TO DO
Up to and including the line with "Feta Cheese Onion Boil - detail 1", restate the records below word for word, beginning with their first line.

____

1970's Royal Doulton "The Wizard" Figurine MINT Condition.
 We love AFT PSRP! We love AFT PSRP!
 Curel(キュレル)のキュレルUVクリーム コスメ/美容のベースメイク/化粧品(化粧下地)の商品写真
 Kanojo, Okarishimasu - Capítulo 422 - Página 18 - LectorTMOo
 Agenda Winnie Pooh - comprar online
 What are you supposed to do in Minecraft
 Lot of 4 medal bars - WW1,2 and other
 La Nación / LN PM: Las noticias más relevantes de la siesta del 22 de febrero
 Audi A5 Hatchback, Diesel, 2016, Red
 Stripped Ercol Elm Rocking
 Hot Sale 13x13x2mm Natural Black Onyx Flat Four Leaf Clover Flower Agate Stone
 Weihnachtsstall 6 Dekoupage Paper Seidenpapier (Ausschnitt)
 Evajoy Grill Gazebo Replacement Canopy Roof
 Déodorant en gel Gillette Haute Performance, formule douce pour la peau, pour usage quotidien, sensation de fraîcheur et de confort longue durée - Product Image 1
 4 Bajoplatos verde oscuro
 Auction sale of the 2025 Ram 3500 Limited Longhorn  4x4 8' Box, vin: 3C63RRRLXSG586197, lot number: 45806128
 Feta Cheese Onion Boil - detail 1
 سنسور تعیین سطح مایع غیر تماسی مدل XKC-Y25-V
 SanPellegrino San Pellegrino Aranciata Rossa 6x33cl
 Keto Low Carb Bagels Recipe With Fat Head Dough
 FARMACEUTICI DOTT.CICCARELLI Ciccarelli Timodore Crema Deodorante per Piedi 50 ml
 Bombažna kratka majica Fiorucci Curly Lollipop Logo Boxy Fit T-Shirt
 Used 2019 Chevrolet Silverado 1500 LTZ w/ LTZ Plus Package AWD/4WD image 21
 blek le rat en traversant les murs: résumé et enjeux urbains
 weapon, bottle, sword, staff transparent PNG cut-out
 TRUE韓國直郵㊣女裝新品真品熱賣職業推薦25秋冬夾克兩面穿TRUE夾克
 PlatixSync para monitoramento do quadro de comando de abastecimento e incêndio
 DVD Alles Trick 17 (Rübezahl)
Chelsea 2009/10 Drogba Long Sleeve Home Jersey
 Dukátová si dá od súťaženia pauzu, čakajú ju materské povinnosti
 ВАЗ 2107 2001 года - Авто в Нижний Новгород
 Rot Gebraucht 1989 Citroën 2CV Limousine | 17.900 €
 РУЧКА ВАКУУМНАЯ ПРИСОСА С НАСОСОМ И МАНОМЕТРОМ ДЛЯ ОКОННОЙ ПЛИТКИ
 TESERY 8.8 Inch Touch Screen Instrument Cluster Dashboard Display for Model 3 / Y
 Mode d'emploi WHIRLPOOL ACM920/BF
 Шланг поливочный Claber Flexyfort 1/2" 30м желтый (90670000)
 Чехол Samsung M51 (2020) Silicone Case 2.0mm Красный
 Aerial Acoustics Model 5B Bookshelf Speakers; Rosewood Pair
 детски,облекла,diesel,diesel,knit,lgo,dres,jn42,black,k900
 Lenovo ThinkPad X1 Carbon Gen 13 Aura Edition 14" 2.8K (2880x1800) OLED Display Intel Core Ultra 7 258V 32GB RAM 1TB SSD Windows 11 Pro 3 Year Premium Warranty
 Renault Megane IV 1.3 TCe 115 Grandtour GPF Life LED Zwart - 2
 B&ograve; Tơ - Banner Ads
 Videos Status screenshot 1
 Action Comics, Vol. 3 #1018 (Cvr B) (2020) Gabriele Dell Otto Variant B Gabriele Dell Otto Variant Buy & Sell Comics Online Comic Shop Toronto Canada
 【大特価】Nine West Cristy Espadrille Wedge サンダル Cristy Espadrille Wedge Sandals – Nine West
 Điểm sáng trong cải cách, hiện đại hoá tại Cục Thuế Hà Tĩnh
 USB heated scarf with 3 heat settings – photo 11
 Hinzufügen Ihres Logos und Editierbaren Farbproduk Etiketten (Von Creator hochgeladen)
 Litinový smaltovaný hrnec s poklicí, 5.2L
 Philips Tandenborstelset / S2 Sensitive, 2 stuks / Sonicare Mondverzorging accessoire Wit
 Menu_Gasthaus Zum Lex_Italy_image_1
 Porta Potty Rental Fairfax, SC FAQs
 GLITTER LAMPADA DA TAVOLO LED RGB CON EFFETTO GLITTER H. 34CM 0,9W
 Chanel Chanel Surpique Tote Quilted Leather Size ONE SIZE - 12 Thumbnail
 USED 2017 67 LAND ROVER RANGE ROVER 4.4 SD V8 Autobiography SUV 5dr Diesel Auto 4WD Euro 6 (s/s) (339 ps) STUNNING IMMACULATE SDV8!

____

WRITTEN SOLUTION
1970's Royal Doulton "The Wizard" Figurine MINT Condition.
 We love AFT PSRP! We love AFT PSRP!
 Curel(キュレル)のキュレルUVクリーム コスメ/美容のベースメイク/化粧品(化粧下地)の商品写真
 Kanojo, Okarishimasu - Capítulo 422 - Página 18 - LectorTMOo
 Agenda Winnie Pooh - comprar online
 What are you supposed to do in Minecraft
 Lot of 4 medal bars - WW1,2 and other
 La Nación / LN PM: Las noticias más relevantes de la siesta del 22 de febrero
 Audi A5 Hatchback, Diesel, 2016, Red
 Stripped Ercol Elm Rocking
 Hot Sale 13x13x2mm Natural Black Onyx Flat Four Leaf Clover Flower Agate Stone
 Weihnachtsstall 6 Dekoupage Paper Seidenpapier (Ausschnitt)
 Evajoy Grill Gazebo Replacement Canopy Roof
 Déodorant en gel Gillette Haute Performance, formule douce pour la peau, pour usage quotidien, sensation de fraîcheur et de confort longue durée - Product Image 1
 4 Bajoplatos verde oscuro
 Auction sale of the 2025 Ram 3500 Limited Longhorn  4x4 8' Box, vin: 3C63RRRLXSG586197, lot number: 45806128
 Feta Cheese Onion Boil - detail 1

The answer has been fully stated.